The statistically significant adjusted mean improvement in symptom scores (IPSS) from baseline was maintained from years 2-4. At 4 years, the adjusted mean improvements in symptom scores observed were -6.3 units for combination therapy, -5.3 units for Avodart monotherapy and -3.8 units for tamsulosin monotherapy.
After 4 years of treatment, the adjusted mean improvement in flow rate (Q_max) from baseline was 2.4 mL/sec for combination therapy, 2 mL/sec for Avodart monotherapy and 0.7 mL/sec for tamsulosin monotherapy. Compared with tamsulosin, the adjusted mean improvement from baseline in Q_max was statistically significantly greater with combination therapy at each 6-month assessment from months 6-48 (p<0.001). Compared with Avodart, the adjusted mean improvement from baseline in Q_max was not statistically significantly different than with combination therapy (p=0.05 at month 48).
Combination therapy was significantly superior (p<0.001) to tamsulosin monotherapy and to Avodart monotherapy for the improvement in health outcome parameters BII and BPH-related Health Status (BHS) at 4 years. The adjusted mean improvement in BII from baseline was -2.2 units for the combination, -1.8 for Avodart and -1.2 for tamsulosin. The adjusted mean improvement in BHS from baseline was -1.5 units for the combination, -1.3 for Avodart and -1.1 for tamsulosin.

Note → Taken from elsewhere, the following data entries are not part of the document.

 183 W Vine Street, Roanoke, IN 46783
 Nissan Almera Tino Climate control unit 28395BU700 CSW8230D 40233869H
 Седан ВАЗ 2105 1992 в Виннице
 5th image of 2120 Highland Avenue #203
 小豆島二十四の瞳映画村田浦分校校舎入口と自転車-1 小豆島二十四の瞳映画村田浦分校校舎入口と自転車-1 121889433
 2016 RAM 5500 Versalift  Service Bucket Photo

The reduction in total prostate volume and transition zone volume after 4 years of treatment was statistically significant for combination therapy compared to tamsulosin monotherapy alone.

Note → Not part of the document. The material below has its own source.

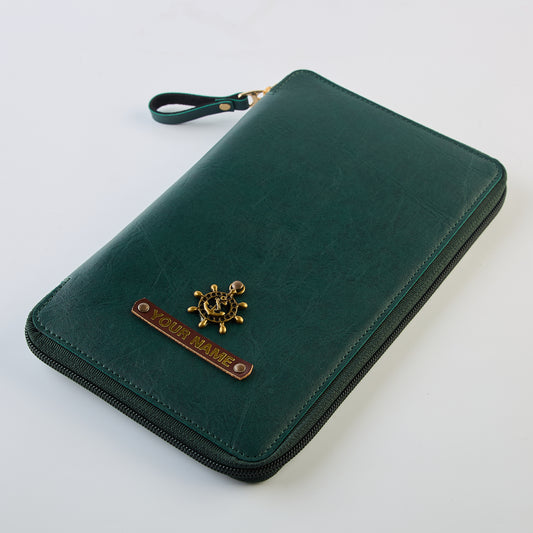 PERSONALISED ZIPPERED TRAVEL CASE - GREEN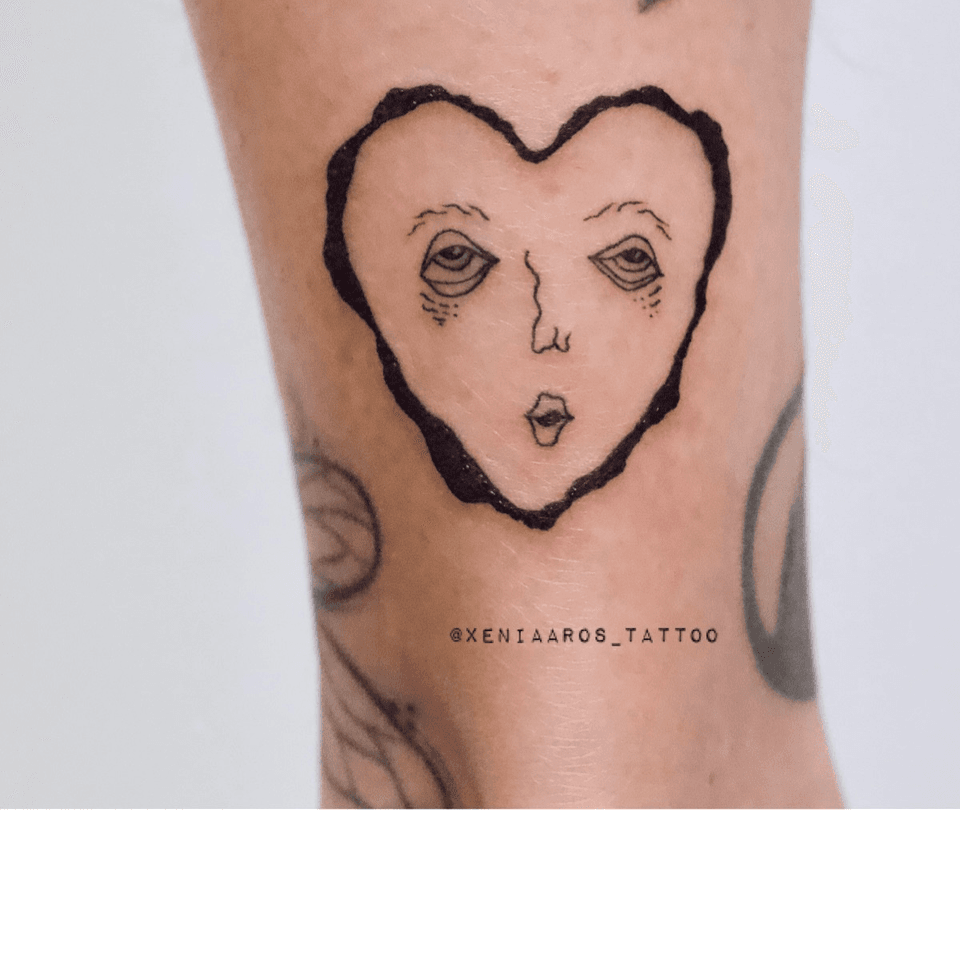 Tatuaje de corazón surrealista de Xenia Aros #XeniaAros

Cardiac Failure: In a 4-year comparison of Avodart co-administered with tamsulosin and dutasteride or tamsulosin monotherapy in men with BPH [combination of Avodart and tamsulosin (CombAT) study], the incidence of the composite term cardiac failure in the combination group (14/1610, 0.9%) was higher than in either monotherapy group: Avodart, 4/1623 (0.2%) and tamsulosin, 10/1611 (0.6%). The relative risk estimate for time to 1st cardiac failure event was 3.57 (95% CI 1.17, 10.8) for combination treatment compared to Avodart monotherapy and 1.36 (95% CI 0.61, 3.07) compared to tamsulosin monotherapy. No causal relationship between Avodart (alone or in combination with an α-blocker) and cardiac failure has been established (see Precautions).
In a 4-year comparison of placebo and Avodart in 8231 men aged 50-75, with a prior negative biopsy for prostate cancer and baseline PSA between 2.5 ng/mL and 10 ng/mL (the REDUCE study), there was a higher incidence of the composite term cardiac failure in subjects taking Avodart (30/4105, 0.7%) versus placebo (16/4126, 0.4%) for a relative risk estimate for time to 1st cardiac failure event of 1.91 (95% CI 1.04, 3.5). In a post-hoc analysis of concomitant α-blocker use, there was a higher incidence of the composite term cardiac failure in subjects taking Avodart and an α-blocker concomitantly (12/1152, 1%), compared to subjects not taking Avodart and an α-blocker concomitantly: Avodart and no α-blocker (18/2953, 0.6%), placebo and an α-blocker (1/1399, <0.1%), placebo and no α-blocker (15/2727, 0.6%). No causal relationship between Avodart (alone or in combination with an α-blocker) and cardiac failure has been established (see Precautions).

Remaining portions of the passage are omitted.